- [ACTION ITEM] Would you print every entry below exactly as written, omitting the images?
__________
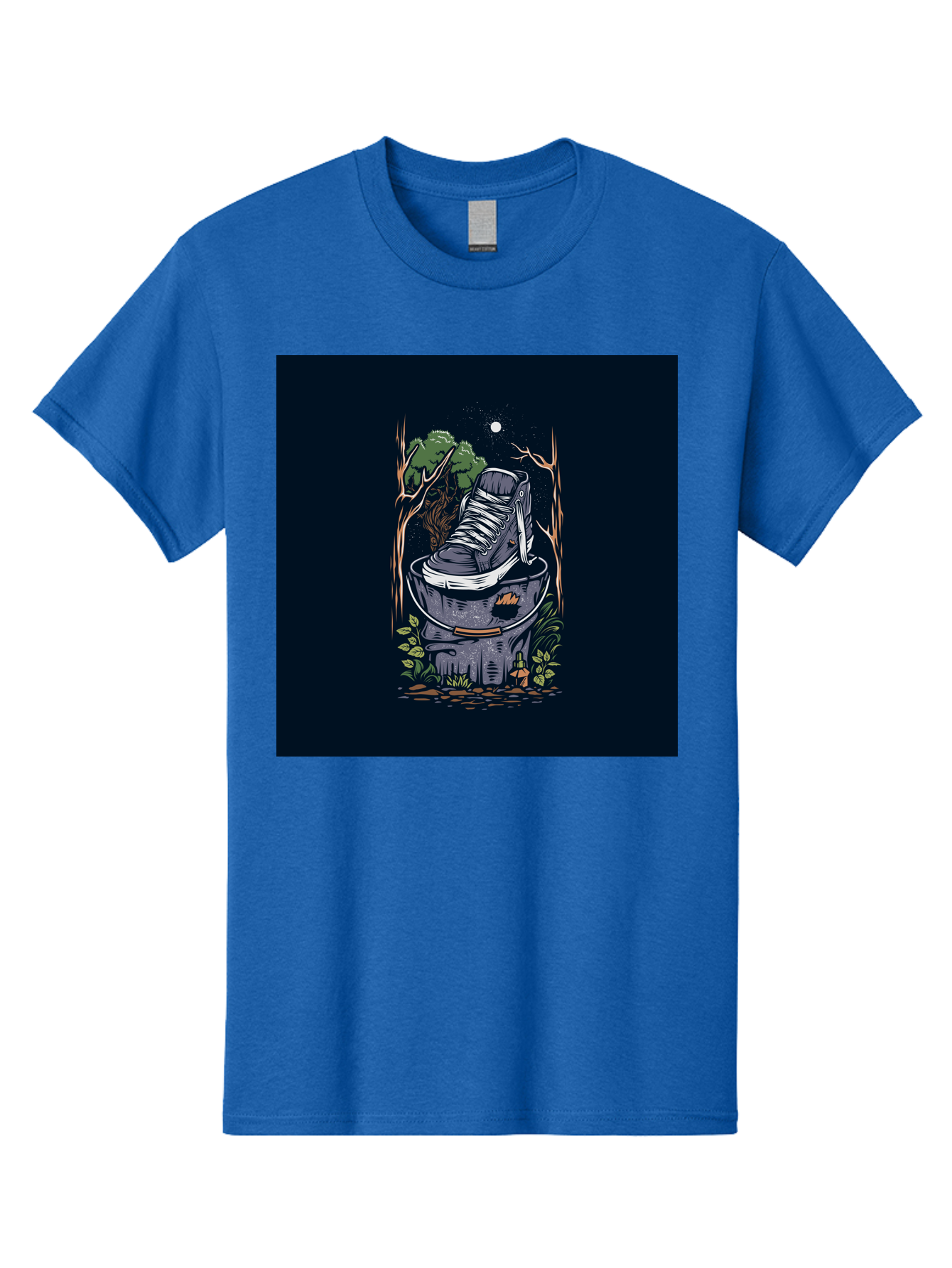 Shoe-Can Men'S Graphic Tee, 100% Cotton, Comfortable Casual Summer Wear, Machine Washable, Sneaker In Bucket, Streetwear Culture, Urban Jungle, Footwear, Bucket, Moonlight, Nighttime, Forest Scene, Vintage Art Aab480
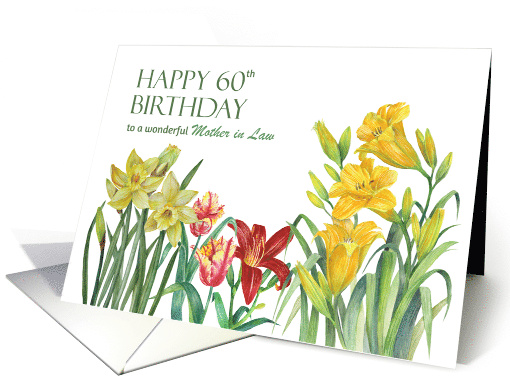 For Mother in Law on 60th Birthday Custom Spring Flowers Painting card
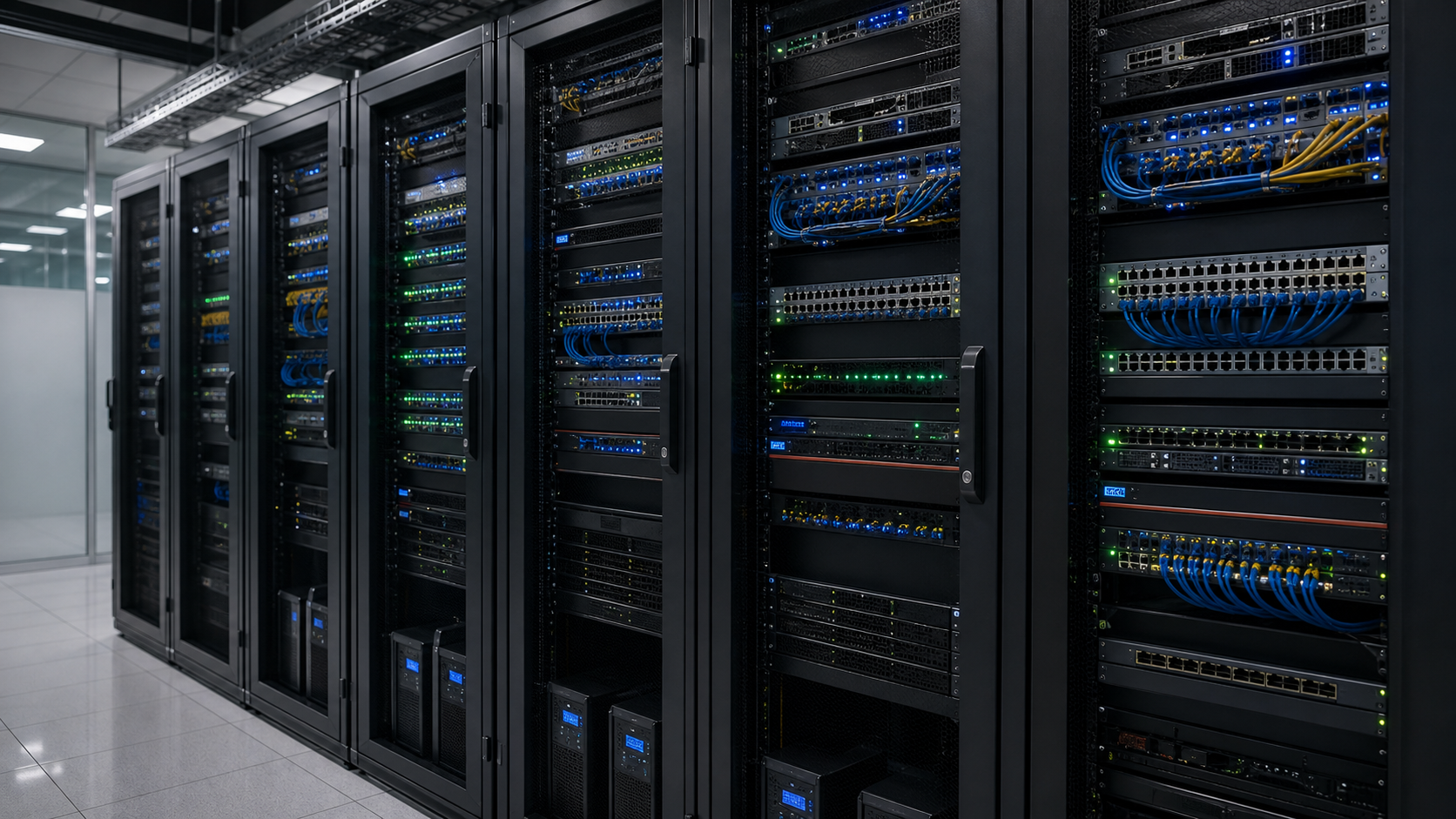 Operational network rack with switches and structured cabling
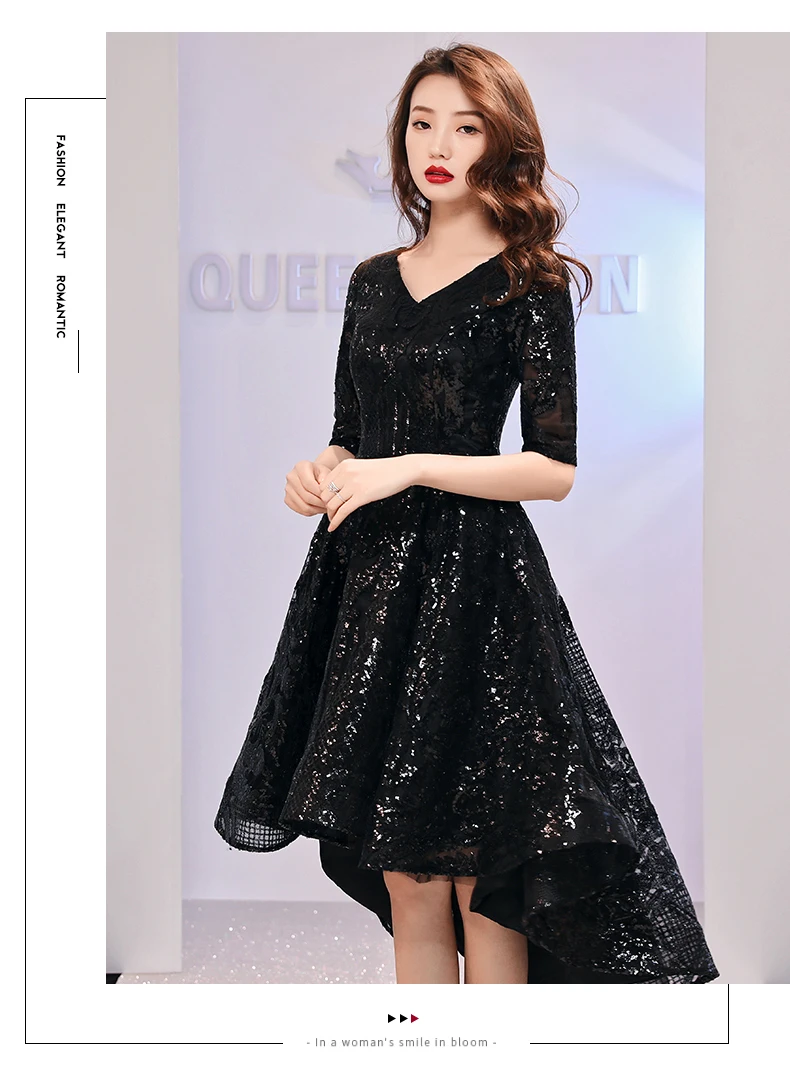 Сексуальные черные вечерние платья с блестками с глубоким v-образным ...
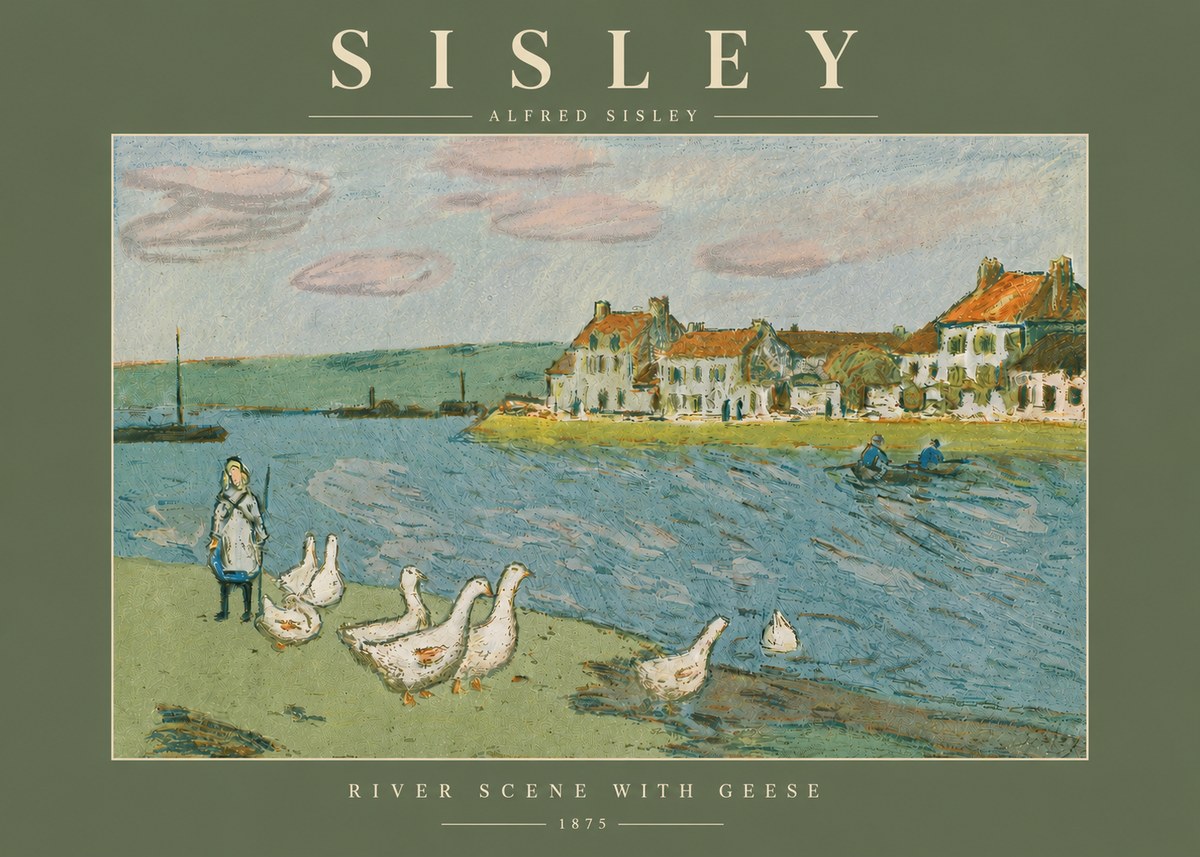 Sisley River Scene with Geese No4 - Plakát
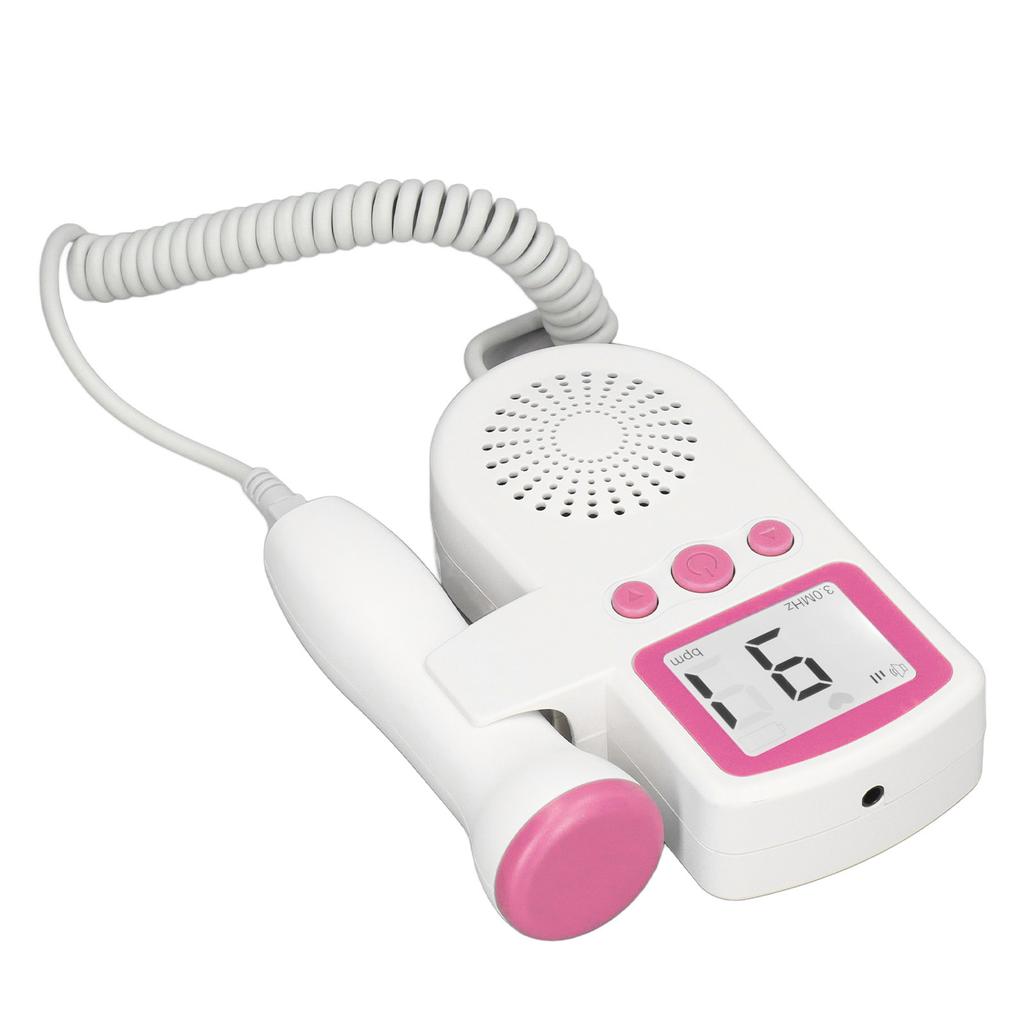 3.0MHz Fetal Heartbeat Monitor High Sensitivity LCD Fetal Sound Heartbeat Detector Pink
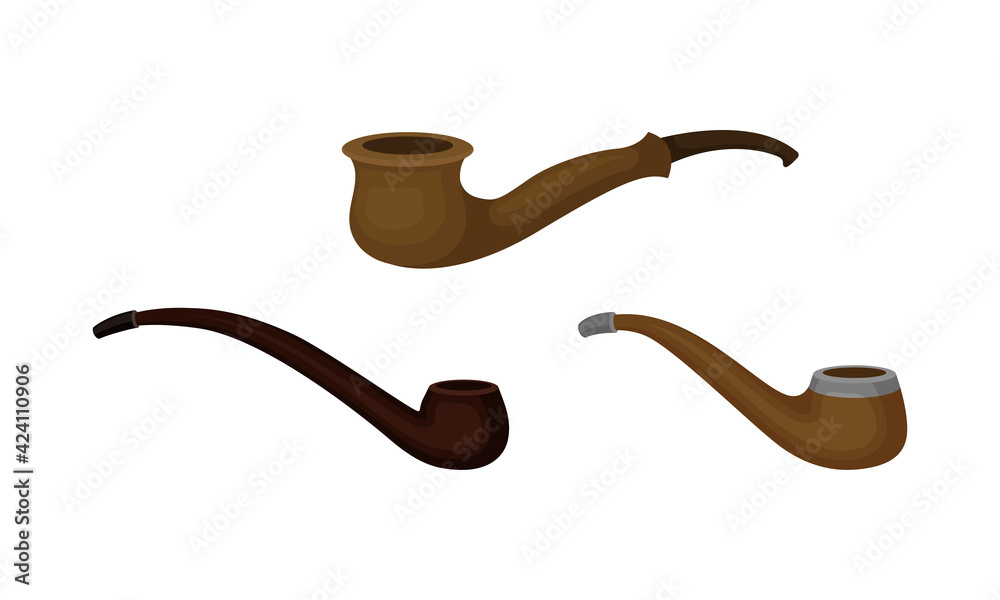 Smoking Pipes Made of Wood and Metal Vector Set Smoking Pipes Made of Wood and Metal Vector Set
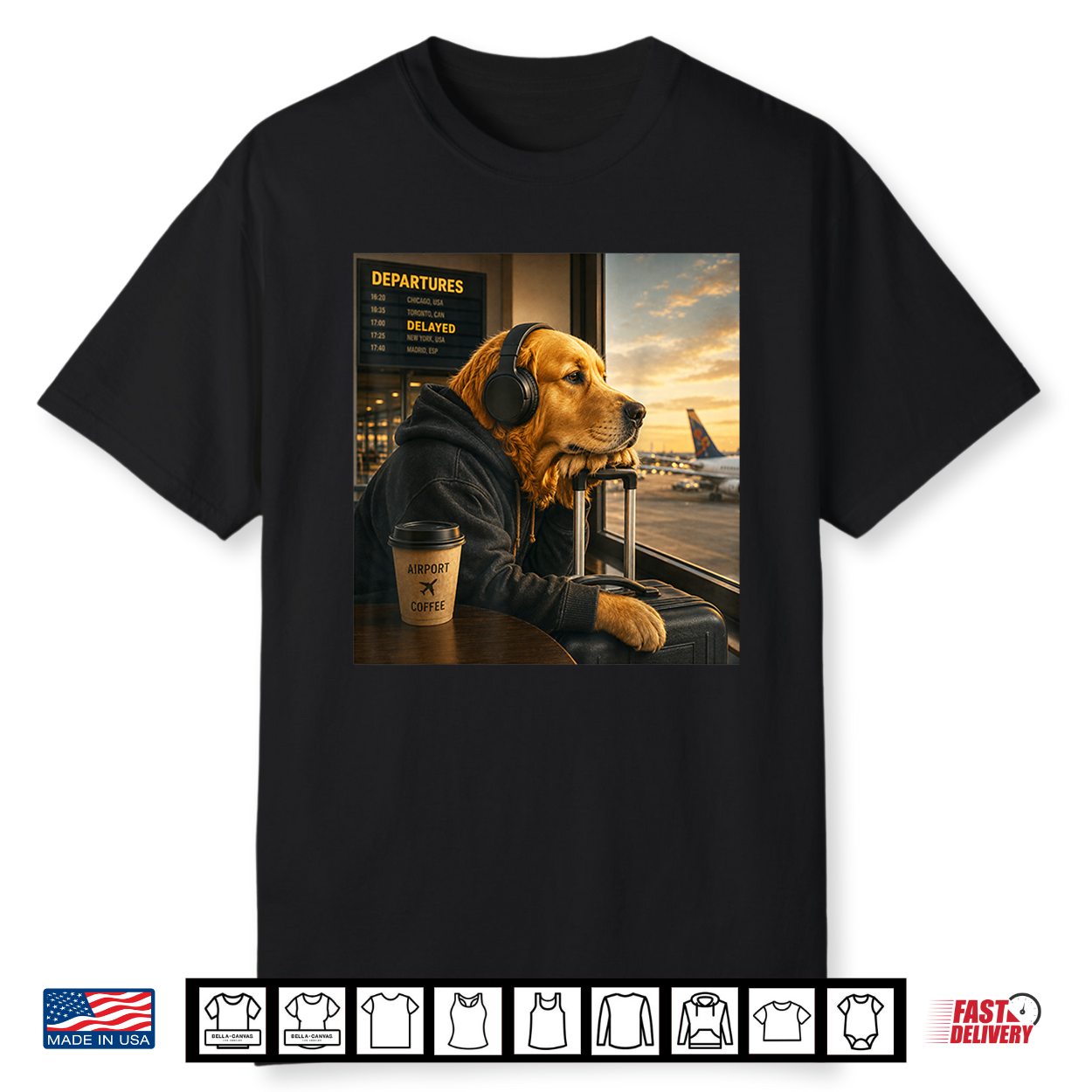 Golden Retriever Airport Travel Coffee Funny Dog Meme Shirt Golden Retriever Airport Travel Coffee Funny Dog Meme Shirt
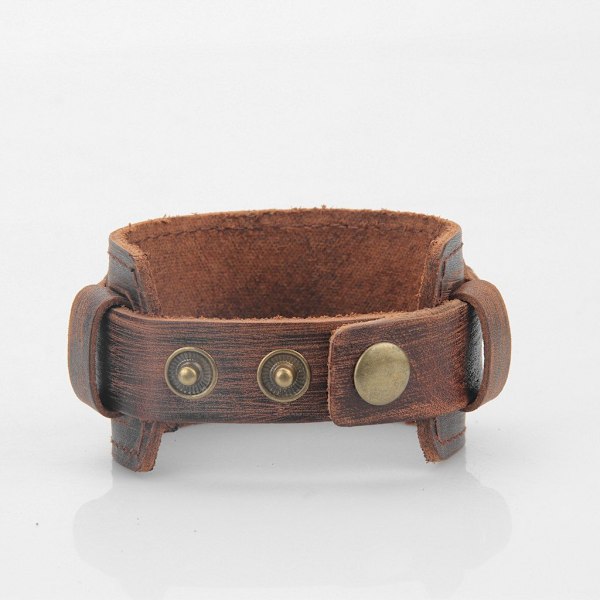 Antik Herre Brun Læder Manchetarmbånd, Læder Armbånd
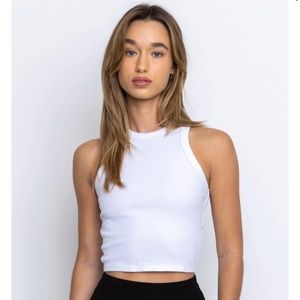 Briavia “Bridgewater” Ribbed Tank Top in White, Small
__________
- [PROBLEM SOLUTION]
 Shoe-Can Men'S Graphic Tee, 100% Cotton, Comfortable Casual Summer Wear, Machine Washable, Sneaker In Bucket, Streetwear Culture, Urban Jungle, Footwear, Bucket, Moonlight, Nighttime, Forest Scene, Vintage Art Aab480
 For Mother in Law on 60th Birthday Custom Spring Flowers Painting card
 Operational network rack with switches and structured cabling
 Сексуальные черные вечерние платья с блестками с глубоким v-образным ...
 Sisley River Scene with Geese No4 - Plakát
 3.0MHz Fetal Heartbeat Monitor High Sensitivity LCD Fetal Sound Heartbeat Detector Pink
 Smoking Pipes Made of Wood and Metal Vector Set Smoking Pipes Made of Wood and Metal Vector Set
 Golden Retriever Airport Travel Coffee Funny Dog Meme Shirt Golden Retriever Airport Travel Coffee Funny Dog Meme Shirt
 Antik Herre Brun Læder Manchetarmbånd, Læder Armbånd
 Briavia “Bridgewater” Ribbed Tank Top in White, Small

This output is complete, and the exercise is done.